This is not a plug for a Scrum Master training course… I was recently asked to provide some thoughts and recommendations on Scrum Master training for a person who was new to the Scrum Master role. This particular individual knew the basic mechanics of how to do Scrum but needed to take the performance of the team to the next level. I want to share my recommendations with you because I think this is a fairly common situation.
- The biggest problem is that many people don’t understand the full scope of the Scrum Master role. They see it as a passive facilitator role and all you need to know is the mechanics of how to do Scrum. If that’s the way you see it, you can get the standard CSM certificate and call it “done”; I think it is much more than that. (See my recent post on the Scrum Master role):http://managedagile.wordpress.com/2013/08/17/scrum-master-role
- I thought that the standard Certified Scrum Master (CSM) course would be a waste of time and money for this individual unless it is taught by someone really good who goes beyond the basics.
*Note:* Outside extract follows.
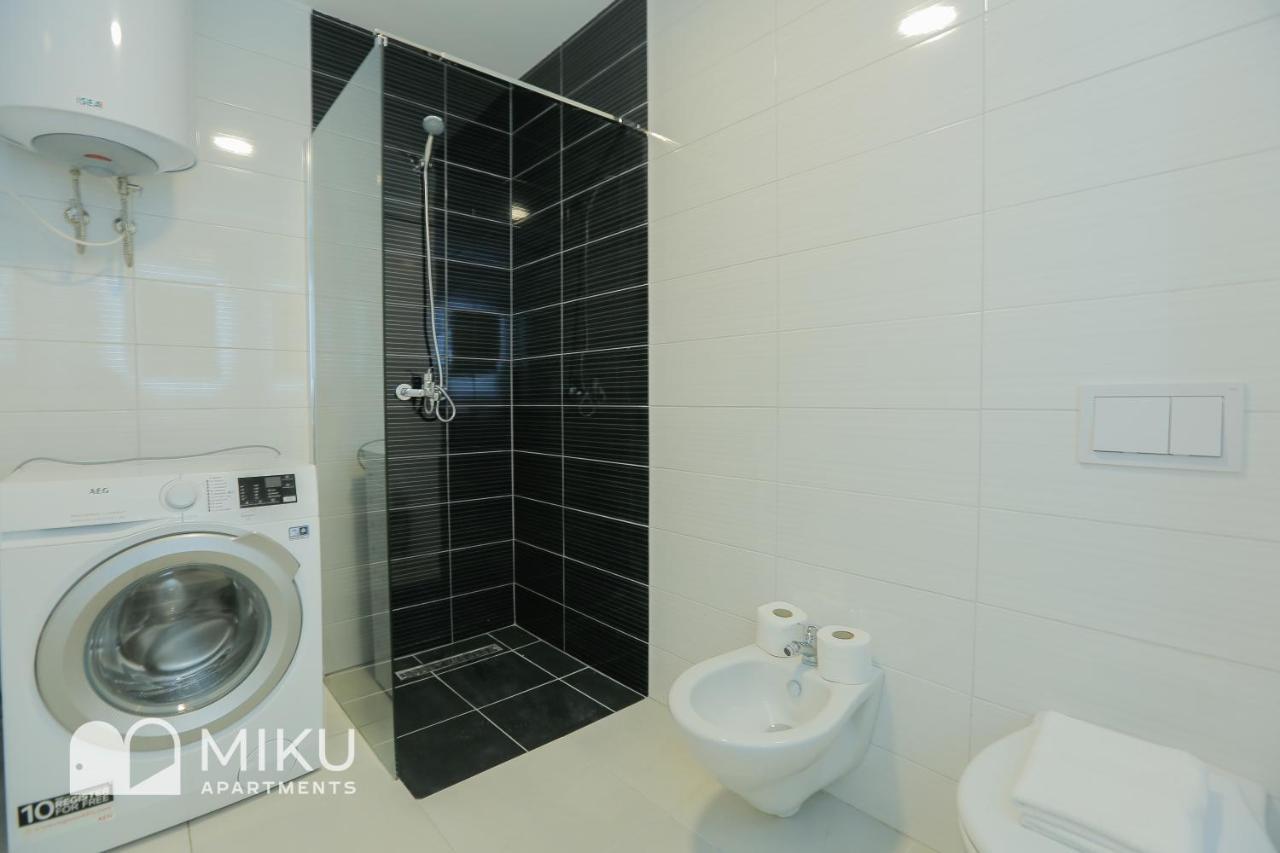 Miku Apartment - Vibrant 1Bd Apartment At Olympic Residence Τίρανα Εξωτερικό φωτογραφία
Most CSM courses only cover the basic mechanics of Daily Standups, Sprint Reviews, Retrospectives, etc. and that’s a very small fraction of what a good Scrum Master needs to know, in my opinion.
- However, I did think it would be worthwhile for this individual to take an assessment of Scrum Master knowledge without going through the standard CSM course – an assessment exam is relatively inexpensive ($100) and that exam will help validate that the individual has the basic Scrum Master knowledge or not and will help to highlight any areas of weakness. Here’s a link for registering to take the Professional Scrum Master Self-Assessment:http://www.scrum.org/Assessments/Professional-Scrum-Master-Assessments/PSM-I-Assessment
What is needed in many cases is an Advanced Scrum Master training course, but there are very few of those offered. Standard CSM courses are available all over the place, but very few people offer an Advanced Scrum Master course that goes beyond the basics because so many people seem to be content to get the CSM certificate and call it “done”.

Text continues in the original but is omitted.